Thomas McMurray

Personal information
- Full name: Thomas McIlvean McMurray
- Born: 24 July 1911 Belfast, Ireland
- Died: 24 March 1964 (aged 52) Belfast, Northern Ireland
- Height: 5 ft 2 in (1.57 m)
- Batting: Right-handed
- Relations: Alfred McMurray (brother)

Domestic team information
- 1933 to 1939: Surrey

Career statistics
| Competition | First-class |
| Matches | 33 |
| Runs scored | 892 |
| Batting average | 18.58 |
| 100s/50s | 0/4 |
| Top score | 62 |
| Balls bowled | 18 |
| Wickets | 1 |
| Bowling average | 23.00 |
| 5 wickets in innings | 0 |
| 10 wickets in match | 0 |
| Best bowling | 1/3 |
| Catches/stumpings | 14/0 |
- Source: Cricinfo, 3 May 2020

= Thomas McMurray (sportsman) =

Irish cricketer (1911–1964)

Thomas McIlvean McMurray (24 July 1911 – 24 March 1964) was an Irish cricketer and footballer. He played 33 first-class matches for Surrey between 1933 and 1939. His brother, Alfred McMurray, played for Ireland in the 1930s.

Tom McMurray was born in Belfast and educated there at the Royal Belfast Academical Institution. He was playing football in London for Millwall when he joined Surrey in 1932.

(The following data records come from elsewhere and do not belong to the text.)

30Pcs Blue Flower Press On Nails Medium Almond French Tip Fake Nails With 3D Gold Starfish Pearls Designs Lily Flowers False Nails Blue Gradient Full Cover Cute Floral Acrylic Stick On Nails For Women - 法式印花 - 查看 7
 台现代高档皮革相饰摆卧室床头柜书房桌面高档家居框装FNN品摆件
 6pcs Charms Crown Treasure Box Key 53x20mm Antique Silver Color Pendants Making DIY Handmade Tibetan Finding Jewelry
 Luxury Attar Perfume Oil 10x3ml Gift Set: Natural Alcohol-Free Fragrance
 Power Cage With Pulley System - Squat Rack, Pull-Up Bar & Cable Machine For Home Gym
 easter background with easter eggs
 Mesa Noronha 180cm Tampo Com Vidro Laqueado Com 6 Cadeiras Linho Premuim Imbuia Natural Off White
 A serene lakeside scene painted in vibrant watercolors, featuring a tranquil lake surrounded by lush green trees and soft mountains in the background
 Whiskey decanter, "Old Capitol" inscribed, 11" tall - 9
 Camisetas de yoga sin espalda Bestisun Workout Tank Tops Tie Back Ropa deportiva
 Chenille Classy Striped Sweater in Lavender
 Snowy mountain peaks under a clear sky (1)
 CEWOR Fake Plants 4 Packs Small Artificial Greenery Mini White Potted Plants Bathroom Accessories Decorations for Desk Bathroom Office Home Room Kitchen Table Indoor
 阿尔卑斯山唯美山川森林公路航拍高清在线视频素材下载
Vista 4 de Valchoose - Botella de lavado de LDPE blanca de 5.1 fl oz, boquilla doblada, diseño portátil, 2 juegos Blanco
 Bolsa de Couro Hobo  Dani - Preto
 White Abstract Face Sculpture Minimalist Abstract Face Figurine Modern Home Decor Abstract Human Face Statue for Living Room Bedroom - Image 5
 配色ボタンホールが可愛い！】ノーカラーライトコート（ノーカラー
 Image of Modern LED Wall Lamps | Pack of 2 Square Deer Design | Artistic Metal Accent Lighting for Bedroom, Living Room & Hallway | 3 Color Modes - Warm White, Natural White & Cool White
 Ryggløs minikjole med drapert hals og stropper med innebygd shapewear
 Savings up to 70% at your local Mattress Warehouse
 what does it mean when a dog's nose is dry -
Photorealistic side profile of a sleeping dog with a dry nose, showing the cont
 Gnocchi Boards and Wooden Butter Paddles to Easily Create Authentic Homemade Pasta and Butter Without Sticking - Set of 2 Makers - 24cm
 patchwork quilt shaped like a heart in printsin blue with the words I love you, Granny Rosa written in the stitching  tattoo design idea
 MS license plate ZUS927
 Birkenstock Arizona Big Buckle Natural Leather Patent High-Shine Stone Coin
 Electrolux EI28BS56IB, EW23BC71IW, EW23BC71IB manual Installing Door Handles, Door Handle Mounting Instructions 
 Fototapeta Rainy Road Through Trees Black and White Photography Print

A batsman, McMurray was never able to establish a spot in the Surrey First XI, and played 63 matches for the Second XI between 1932 and 1948, scoring nine centuries with a top score of 133 not out against Devon in 1937. His top first-class score was 62, which he made twice: in 1933 he opened against Northamptonshire and made 62 and 33; and in 1936, batting at number three against Hampshire, he made 62 in the second innings. He was an outstanding fieldsman, noted for his speed in the outfield, and once fielded as a substitute for England in a Test match in 1934.

From 1945 he taught PT at Campbell College in Belfast. He also umpired several Minor Counties cricket matches in England each year during the summer holidays from 1949 to 1963.